Unisex even more so at the restaurant we frequented the day before across from The Louvre.  At that restaurant, at the top of the tiny stairs, across from some tiny tables where customers were seated, there was a lavatory and mirror and roller towel for washing hands.  Right in front of everyone dining.  A urinal was behind saloon doors and a water closet right next to it held the lone toilet.  (The water closet was so small I had to scrunch in between the toilet and the wall to get the door closed, and then my knees touched the door while sitting.  I believe I’ve mentioned that things are tiny in Paris.)

So here I am at the fabulously ornate and historic La Rotonde, spending the big bucks like we don’t work for a living, and I exit obliviously out of the restroom when a lovely waitress looks at me sharply and says, “Madame!  Les toilettes des dames sont ici!”  I look where she is bemusedly pointing and it says clearly on the door, “Femmes.”  I look at the one I just came sailing out of and it says, “Hommes.”  

Can I plead that I wanted very much to go where Hemingway went??  Non.

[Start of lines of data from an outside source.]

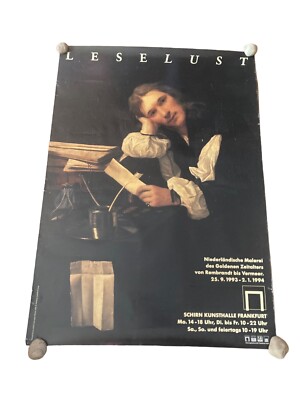 LESELUST Plakat Michael Sweerts Porträt eines jungen Mannes 1656 St. Pete. 1993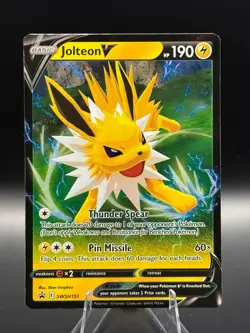 Jolteon V SWSH151 SWSH: Sword & Shield Promo Cards - Pokemon Card - NM Holo - Image 1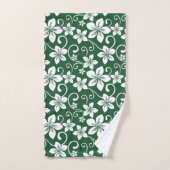 BLAUE HAWAII (GRÜNE WÄLDER) BAD TOWEL SET (Handtuch)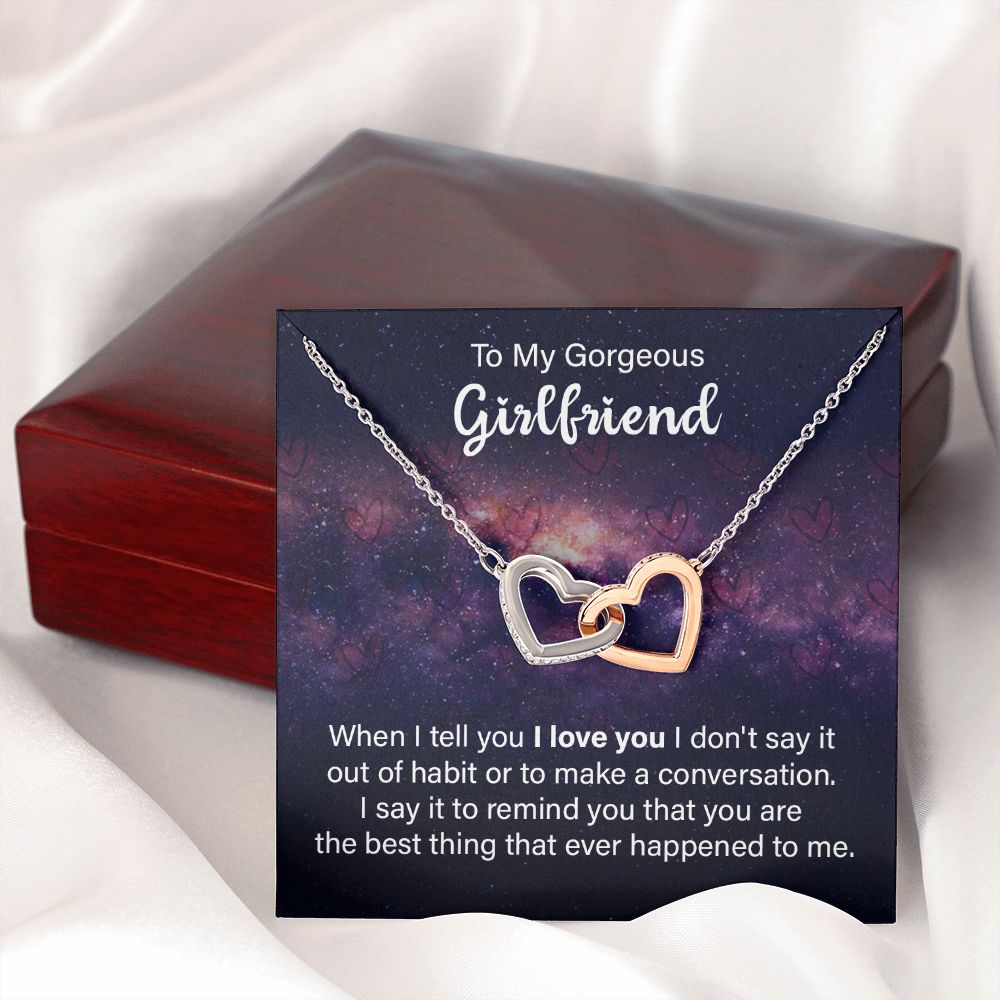 To My Girlfriend When I Tell You I Love You Inseparable Necklace-Express Your Love Gifts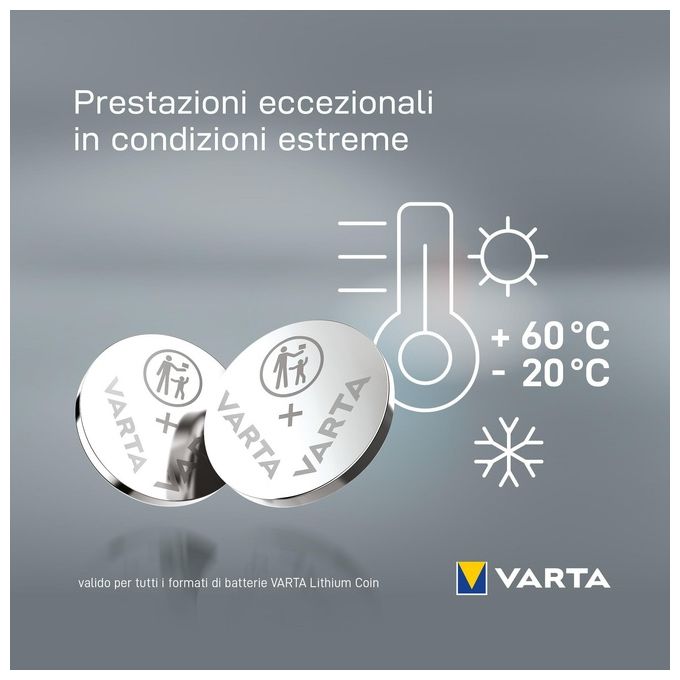 Varta Cr2016 Batterie a Bottone al Litio da 3V 2 Pezzi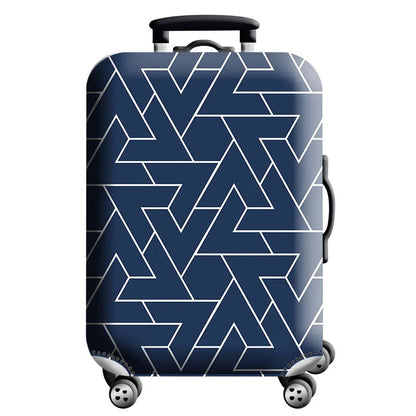 Luggage Cover for 18-32 Inch Suitcases - Stretch Fabric Baggage Protector & Dust Case Travel Organizer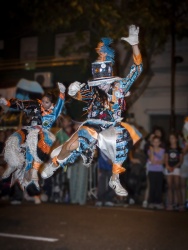 Représentation artistique durant un carnaval de Buenos Aires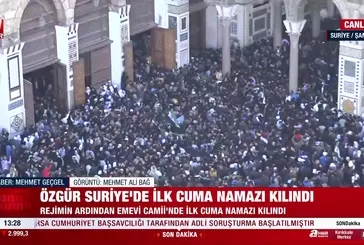 Özgür Suriye'deki ilk cuma namazı kılındı!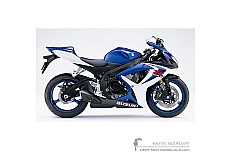 Autocollants pour Suzuki GSXR600 2006 - Bleu • Suzuki Autocollants OEM
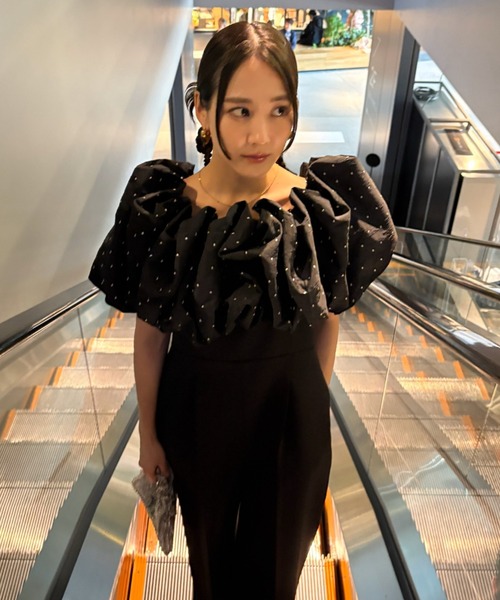 ANDRESD カーディガン 夏 半袖 クラウドライクバルーントップス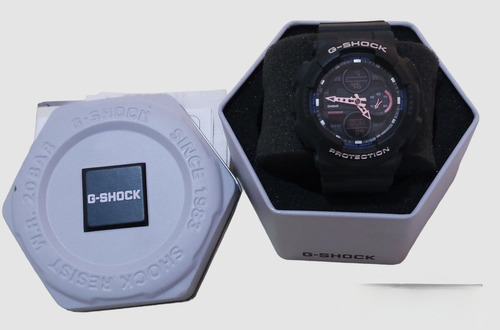 Reloj Casio Wr 20bar S140 Unisex Negro Resistente Al Agua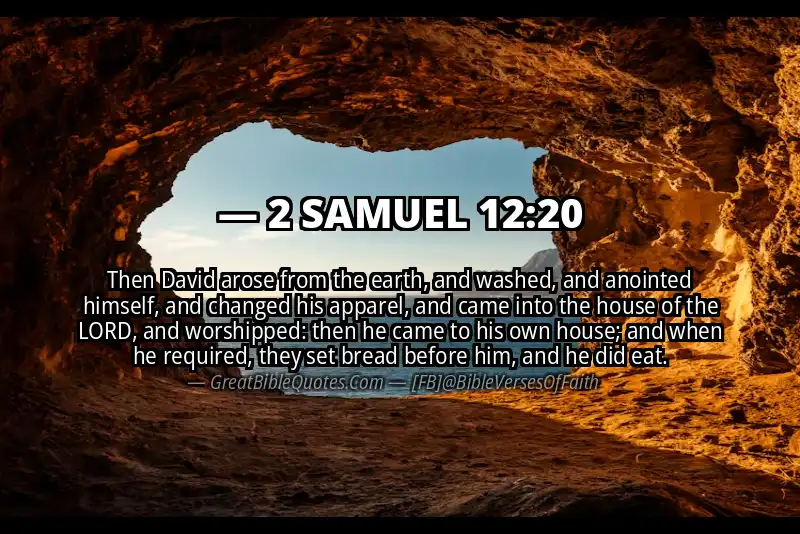 2 SAMUEL 12:20 Verse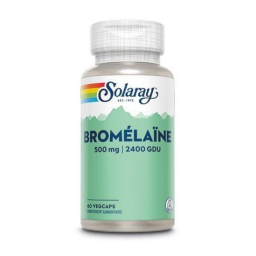 Bromelaïne 500mg - 60 capsules végétales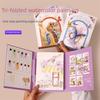 Decompression Coloring Book Set Tri-fold Drawing Notebook New Art Painting Book Art Painting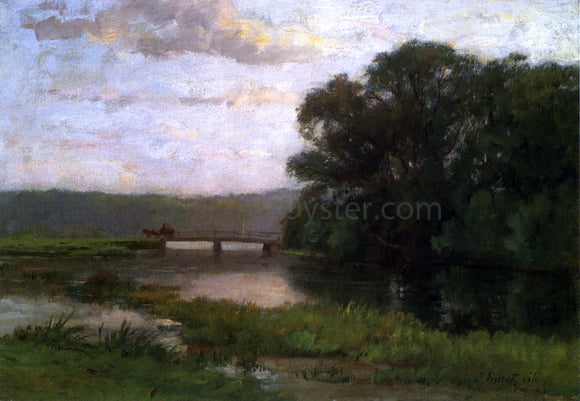  Joseph Foxcroft Cole Abbajona River, Mass. (also known as The Aberjona River, Wincester) - Canvas Art Print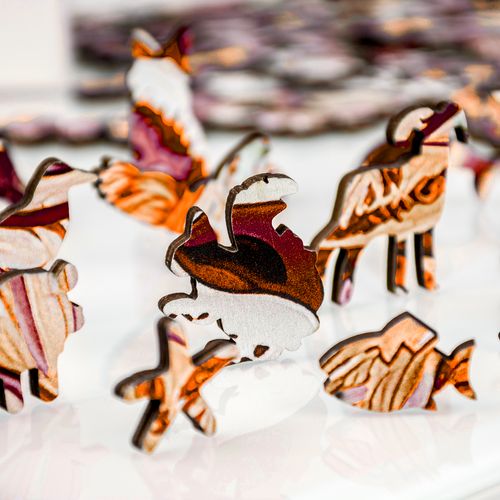 Puzzle drewniane dżungla A3 262 elementy na Arena.pl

Although I also practiced saying, “I’m sorry” in French, (je suis désolé) as in “I’m sorry, I don’t speak French,” my too proud French flees the scene and “Sorry, I’m sorry!” is all I squeak before dashing downstairs, face aflame.  It could have been a ruder awakening as I burst out of the water closet into the area with two urinals.  Lordy.  Language barriers.  Let us draw a curtain of kindness over my second potty story from Paris.